Туллия сильно взволновалась, дойдя до этого места своего рассказа, и остановилась, чтобы перевести дух.
– Как описать вам наше отчаяние, когда отца все-таки бросили в тюрьму, несмотря на то, что он уверял и клялся в своей невинности! Затем, наступило расстройство в делах, так как на все наше имущество наложено было запрещение, чтобы возместить похищенные якобы драгоценности.
Выходя раз из тюрьмы, где тщетно пыталась добиться свиданья с отцом, я повстречала ту же негодную женщину и она, нагло усмехаясь, заметила, что я „не в те двери стучусь”, давая этим понять, что лишь влияние Бранкассиса у кардинала-легата могло бы еще помочь спасению отца.
– Я долго не могла собраться с силами идти умолять этого человека, в котором подозревала, не знаю почему, главного виновника нашей беды, но, наконец, все-таки была к этому вынуждена: мы очутились в нищете, а тетка и моя маленькая сестренка даже заболели от горя и лишений.
Бранкассис встретил меня приветливо, но на мою просьбу ответил, улыбаясь:
– Услуга за услугу!
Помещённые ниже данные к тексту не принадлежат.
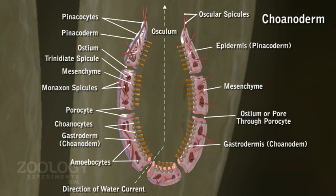Protoplasmic processes of the cell body are embedded in the mesoglia. Choanocytes are used in feeding and for ensuring the flow of water within the animal's body by beating their flagella.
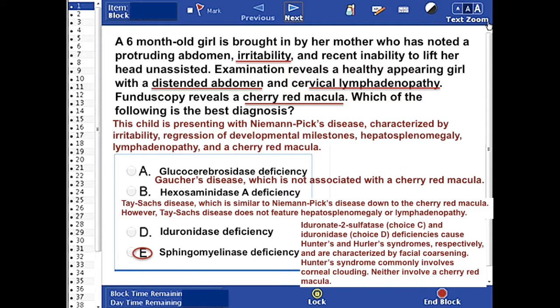Finally, iduronate-2-sulfatase and iduronidase deficiencies cause Hunter and Hurler syndromes respectively, and are characterized by facial coarsening. Hunter syndrome commonly involves corneal clouding; however, neither involves a cherry red macula.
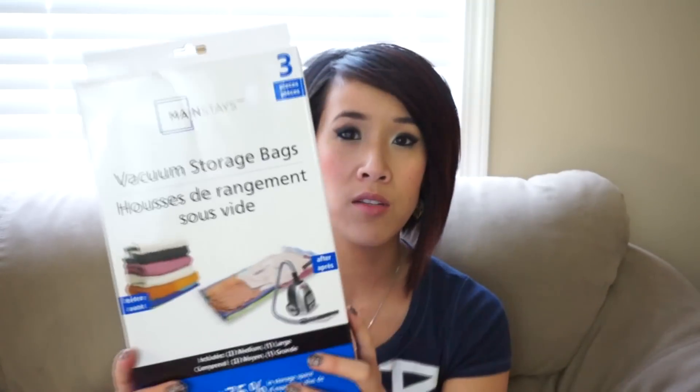Next I came across the Ziploc Space Saving Storage Bags and the Mainstay bags, which are the Walmart brand. Reviews were mixed on both, some saying they worked and some saying they inflated after a week or two. So I did a head-to-head test on both, and I'm proud to say both worked really well. The Ziploc ones are three large bags for $15, and the Walmart Mainstay pack is three bags — two medium and one large — for $10. The mediums are too small for all of Grayson's clothing, so I preferred the large bags in the Ziploc pack.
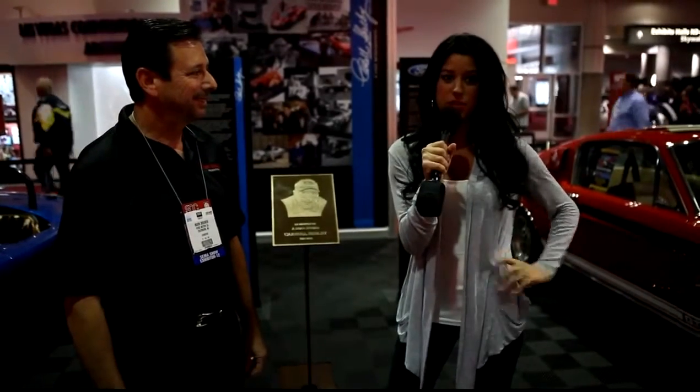Good morning ladies and gentlemen. Welcome to the 2012 SEMA show. My name is Shannon. I'm standing here in the lobby of the SEMA show, first day grand opening. Very excited.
Прими мою любовь, и я спасу старого вора.
– Он не вор, он сдал настоящие бриллианты! Бог знает, где их подменили, – возмущенная, ответила я.
– Если ты, дочь моя, можешь это доказать, зачем же пришла ты просить меня? Но торопись, а не то, предупреждаю, твоего отца подвергнут пытке, чтобы вырвать у него сознание, а затем повесят.
Я думала, что сойду с ума в эту минуту, но мне тогда казалось таким пустяком пожертвовать своею жизнью для счастья семьи. Я ответила, что согласна, но потребовала гарантий в том, что он меня не обманет и не казнит все-таки отца. Он засмеялся и похвалил мою предусмотрительность, сказав, что я начну у него службу лишь после того, как виновный будет на свободе. Через несколько дней, я узнала, что отец бежал и действительно поселился в другом городе, под чужим именем; тетка и сестра переехали к нему, а я вступила, в качестве пажа, к Бранкассису, который на первых же порах объявил мне, что не выпустит из виду моей семьи и что, при малейшем неудовольствии мною, несчастный снова будет схвачен и наказан уже вдвойне: за кражу и бегство.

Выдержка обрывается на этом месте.